### About this task
Please report how many lines in the data underneath hold the word "Little", with no other text.

[Source records]
━━━

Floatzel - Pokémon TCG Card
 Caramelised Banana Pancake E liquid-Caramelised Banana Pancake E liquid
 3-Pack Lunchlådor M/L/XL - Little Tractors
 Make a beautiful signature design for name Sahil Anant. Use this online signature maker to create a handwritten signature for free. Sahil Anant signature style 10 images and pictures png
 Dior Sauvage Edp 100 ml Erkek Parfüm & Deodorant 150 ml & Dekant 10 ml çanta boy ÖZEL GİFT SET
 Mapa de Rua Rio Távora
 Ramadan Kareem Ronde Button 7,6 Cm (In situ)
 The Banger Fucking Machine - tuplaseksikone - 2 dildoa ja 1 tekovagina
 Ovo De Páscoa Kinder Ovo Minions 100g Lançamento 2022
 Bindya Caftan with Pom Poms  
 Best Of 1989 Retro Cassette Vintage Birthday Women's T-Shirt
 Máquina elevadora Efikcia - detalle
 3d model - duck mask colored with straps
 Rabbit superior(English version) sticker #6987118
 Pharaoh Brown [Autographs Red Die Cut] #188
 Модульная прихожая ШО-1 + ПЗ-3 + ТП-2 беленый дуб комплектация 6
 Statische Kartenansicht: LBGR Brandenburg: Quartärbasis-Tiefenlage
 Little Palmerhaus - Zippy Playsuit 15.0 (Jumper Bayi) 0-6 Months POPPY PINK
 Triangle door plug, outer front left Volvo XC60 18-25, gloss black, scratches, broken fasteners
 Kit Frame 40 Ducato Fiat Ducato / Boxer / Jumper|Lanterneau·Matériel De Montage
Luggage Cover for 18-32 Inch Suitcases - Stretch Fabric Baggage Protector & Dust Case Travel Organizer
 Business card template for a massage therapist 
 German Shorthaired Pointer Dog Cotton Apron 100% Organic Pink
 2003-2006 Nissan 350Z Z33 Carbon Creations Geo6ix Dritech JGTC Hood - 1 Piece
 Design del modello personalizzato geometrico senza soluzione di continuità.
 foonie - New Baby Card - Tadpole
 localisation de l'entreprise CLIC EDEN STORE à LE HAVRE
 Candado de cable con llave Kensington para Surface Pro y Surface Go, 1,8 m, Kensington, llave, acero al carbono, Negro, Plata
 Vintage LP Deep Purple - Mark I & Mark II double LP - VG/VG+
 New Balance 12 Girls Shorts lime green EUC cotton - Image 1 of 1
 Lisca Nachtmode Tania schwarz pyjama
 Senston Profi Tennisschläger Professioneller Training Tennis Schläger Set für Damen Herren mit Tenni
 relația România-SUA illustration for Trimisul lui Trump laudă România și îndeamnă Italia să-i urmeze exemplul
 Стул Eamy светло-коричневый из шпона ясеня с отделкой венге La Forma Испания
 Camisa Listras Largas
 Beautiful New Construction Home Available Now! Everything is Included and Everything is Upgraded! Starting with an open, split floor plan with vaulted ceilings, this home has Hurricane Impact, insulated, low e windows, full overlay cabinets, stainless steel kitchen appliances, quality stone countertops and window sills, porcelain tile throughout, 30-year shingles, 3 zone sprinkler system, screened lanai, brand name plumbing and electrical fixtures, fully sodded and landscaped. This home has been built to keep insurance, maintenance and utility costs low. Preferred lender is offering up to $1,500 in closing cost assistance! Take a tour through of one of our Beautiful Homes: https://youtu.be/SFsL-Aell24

━━━

### Task answer
2